Là où il est nécessaire de passer par un moyen de reproduction -
le son enregistré - on est contraint de le faire: du disque de cire au vynil,
puis au laser, mais, on le sait, ces recopies ne se font pas sans déperdition:
combien de documents rares disparaissent, faute d'intérêt économique pour leur
reproduction? Retrouve-t-on sur disque
compact l'enregistrement de la voix de Johannes Brahms, prononçant quelques mots
avant d'attaquer au piano une de ses danses hongroises?
Quant bien même les éditeurs et les bibliothèques pourront
assurer, lors de projets modestes ou pharaoniques, la numérisation de volumes
importants de documents, auront-ils les moyens d'assurer leur disponibilité
pour les générations futures?
Là on l'on peut « craindre » le numérique, c'est pour son influence
possible sur l'objet-livre au quotidien et sur la lecture.

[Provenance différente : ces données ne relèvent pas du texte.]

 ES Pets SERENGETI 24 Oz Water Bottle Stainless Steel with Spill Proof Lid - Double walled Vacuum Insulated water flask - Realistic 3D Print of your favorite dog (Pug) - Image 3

Cette
dernière est déjà fort malmenée par le zapping: d'abord introduit par
l'invention de la télécommande du petit écran, puis renforcé par
l'utilisation de l'hypertexte popularisé par le Web et enfin repris par
les livres électroniques.
Toutefois, une invention bien plus intéressante et passée sous silence
9
est susceptible de changer fondamentalement le paysage du livre et son
économie. Il s'agit du papier électronique (« digital e-paper », en
anglais), matériau fin, léger et souple, tout comme une feuille de
papier - et réutilisable. À la différence des écrans informatiques, il
est réflectif: la lumière ambiante suffit pour en lire le contenu, tel
le papier, différence primordiale dans la qualité de lecture qu'il
offre. Pas besoin de souris, de clavier ou de stylet.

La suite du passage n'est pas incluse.